● **RECORDED INFORMATION**:
□ □ □ □

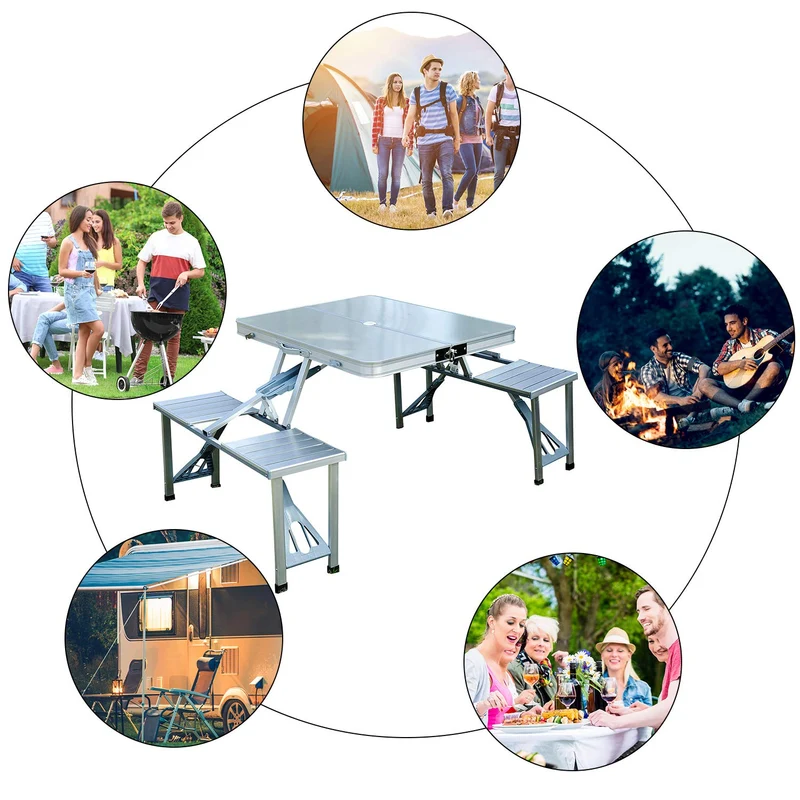 Table de pique-nique de camping en plein air en alliage d'aluminium Table et chaise pliantes intégrées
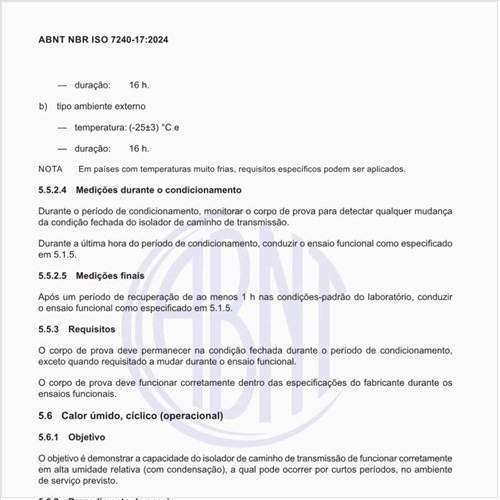 Como proceder no ensaio de calor úmido, cíclico (operacional)?
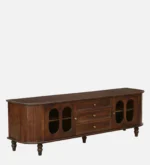 Minimalist walnut finish tv unit with storage for large screen tv in india - Image 4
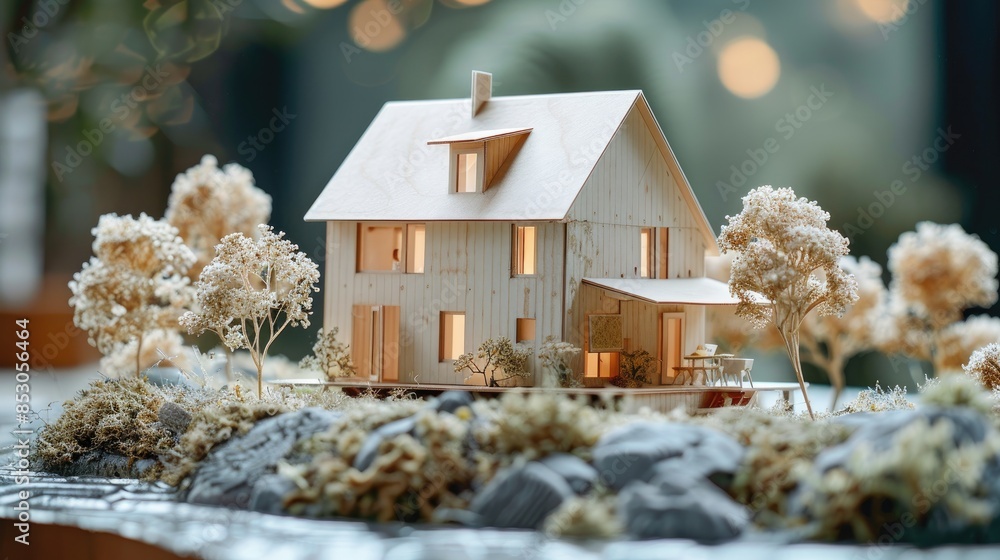 Poster architectural model of a rustic wooden house with illuminated windows, set in a natural landscape wi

□ □ □ □

● **YOUR OBJECTIVE**: Here the lines from the one containing "Minimalist walnut finish" through the end of the material are to be copied exactly, with the pictures omitted.

● **FINAL ANSWER**:
 Minimalist walnut finish tv unit with storage for large screen tv in india - Image 4
 Poster architectural model of a rustic wooden house with illuminated windows, set in a natural landscape wi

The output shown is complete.